Please repeat, from the entries that follow, the lines from the one containing "Dalla Nato la" through the one containing "Naples, FL 34108" exactly, adding nothing.

=== Data to process ===

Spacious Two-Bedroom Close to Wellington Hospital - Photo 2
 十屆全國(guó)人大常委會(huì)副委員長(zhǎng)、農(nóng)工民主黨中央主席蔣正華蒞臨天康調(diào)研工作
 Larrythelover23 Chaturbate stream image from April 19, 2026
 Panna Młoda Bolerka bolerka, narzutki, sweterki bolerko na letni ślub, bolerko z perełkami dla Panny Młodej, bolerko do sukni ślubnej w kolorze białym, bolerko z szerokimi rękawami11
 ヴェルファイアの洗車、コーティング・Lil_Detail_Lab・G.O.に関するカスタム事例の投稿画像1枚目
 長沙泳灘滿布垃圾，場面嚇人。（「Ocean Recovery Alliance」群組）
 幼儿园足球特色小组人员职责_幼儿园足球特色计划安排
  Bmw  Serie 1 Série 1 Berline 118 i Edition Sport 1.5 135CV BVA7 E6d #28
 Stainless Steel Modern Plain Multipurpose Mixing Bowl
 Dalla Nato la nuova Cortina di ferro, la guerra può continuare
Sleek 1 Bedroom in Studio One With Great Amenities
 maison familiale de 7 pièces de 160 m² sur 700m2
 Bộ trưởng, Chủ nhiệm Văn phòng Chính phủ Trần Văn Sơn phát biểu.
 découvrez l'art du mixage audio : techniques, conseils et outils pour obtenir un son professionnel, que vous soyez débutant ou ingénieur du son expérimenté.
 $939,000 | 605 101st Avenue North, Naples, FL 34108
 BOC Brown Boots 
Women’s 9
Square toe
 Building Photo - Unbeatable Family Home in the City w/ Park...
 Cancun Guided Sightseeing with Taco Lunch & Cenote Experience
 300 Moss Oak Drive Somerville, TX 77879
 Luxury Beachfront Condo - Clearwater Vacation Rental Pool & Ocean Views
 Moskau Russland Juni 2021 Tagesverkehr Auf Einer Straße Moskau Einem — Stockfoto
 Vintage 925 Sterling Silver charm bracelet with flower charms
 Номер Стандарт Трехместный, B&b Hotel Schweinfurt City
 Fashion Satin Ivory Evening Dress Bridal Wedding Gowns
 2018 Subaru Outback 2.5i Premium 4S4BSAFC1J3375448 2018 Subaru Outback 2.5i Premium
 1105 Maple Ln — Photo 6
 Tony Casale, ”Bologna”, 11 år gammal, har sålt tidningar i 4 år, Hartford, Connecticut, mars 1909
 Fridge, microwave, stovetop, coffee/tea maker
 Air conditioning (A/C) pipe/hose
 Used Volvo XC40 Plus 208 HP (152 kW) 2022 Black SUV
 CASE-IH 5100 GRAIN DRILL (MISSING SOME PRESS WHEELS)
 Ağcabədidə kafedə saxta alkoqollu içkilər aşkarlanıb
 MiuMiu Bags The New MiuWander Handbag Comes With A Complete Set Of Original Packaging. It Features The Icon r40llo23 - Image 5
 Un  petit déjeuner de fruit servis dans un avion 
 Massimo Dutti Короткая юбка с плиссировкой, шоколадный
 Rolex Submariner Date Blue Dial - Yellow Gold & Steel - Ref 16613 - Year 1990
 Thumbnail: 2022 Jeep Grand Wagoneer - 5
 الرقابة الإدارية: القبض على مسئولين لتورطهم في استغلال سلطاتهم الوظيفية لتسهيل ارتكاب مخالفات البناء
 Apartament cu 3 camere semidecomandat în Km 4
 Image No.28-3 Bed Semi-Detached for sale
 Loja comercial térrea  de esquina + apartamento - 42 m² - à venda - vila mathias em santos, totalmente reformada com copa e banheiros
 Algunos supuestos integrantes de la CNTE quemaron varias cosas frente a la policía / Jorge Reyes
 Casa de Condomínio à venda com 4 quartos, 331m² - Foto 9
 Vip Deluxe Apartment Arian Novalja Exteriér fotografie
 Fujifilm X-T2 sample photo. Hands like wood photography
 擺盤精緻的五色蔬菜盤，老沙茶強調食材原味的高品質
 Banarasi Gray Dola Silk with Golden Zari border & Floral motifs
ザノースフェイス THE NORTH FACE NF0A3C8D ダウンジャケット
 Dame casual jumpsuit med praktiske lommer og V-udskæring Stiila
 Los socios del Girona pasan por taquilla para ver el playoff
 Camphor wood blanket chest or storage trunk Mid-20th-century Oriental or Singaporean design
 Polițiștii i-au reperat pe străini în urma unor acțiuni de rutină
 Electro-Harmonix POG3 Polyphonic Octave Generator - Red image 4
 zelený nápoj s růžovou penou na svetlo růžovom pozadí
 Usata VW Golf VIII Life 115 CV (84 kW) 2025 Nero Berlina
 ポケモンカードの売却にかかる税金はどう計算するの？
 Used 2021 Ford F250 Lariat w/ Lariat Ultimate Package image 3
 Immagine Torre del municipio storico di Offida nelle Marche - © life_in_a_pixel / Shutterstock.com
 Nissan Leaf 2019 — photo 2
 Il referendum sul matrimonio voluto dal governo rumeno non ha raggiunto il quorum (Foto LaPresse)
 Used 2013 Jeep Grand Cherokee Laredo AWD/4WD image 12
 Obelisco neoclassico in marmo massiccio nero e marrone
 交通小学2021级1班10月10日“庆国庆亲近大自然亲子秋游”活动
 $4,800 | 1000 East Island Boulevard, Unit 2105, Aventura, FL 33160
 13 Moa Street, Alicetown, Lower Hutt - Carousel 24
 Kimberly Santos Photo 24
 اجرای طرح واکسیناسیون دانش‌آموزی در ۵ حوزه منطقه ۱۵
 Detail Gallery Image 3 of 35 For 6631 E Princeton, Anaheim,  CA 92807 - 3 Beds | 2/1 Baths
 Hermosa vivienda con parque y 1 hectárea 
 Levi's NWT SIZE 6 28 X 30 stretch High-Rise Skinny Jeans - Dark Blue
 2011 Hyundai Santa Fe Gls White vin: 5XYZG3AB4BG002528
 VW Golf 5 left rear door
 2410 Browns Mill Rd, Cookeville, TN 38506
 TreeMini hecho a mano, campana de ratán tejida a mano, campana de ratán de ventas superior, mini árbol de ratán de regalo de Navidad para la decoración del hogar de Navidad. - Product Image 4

===

Result of the task:
 Dalla Nato la nuova Cortina di ferro, la guerra può continuare
Sleek 1 Bedroom in Studio One With Great Amenities
 maison familiale de 7 pièces de 160 m² sur 700m2
 Bộ trưởng, Chủ nhiệm Văn phòng Chính phủ Trần Văn Sơn phát biểu.
 découvrez l'art du mixage audio : techniques, conseils et outils pour obtenir un son professionnel, que vous soyez débutant ou ingénieur du son expérimenté.
 $939,000 | 605 101st Avenue North, Naples, FL 34108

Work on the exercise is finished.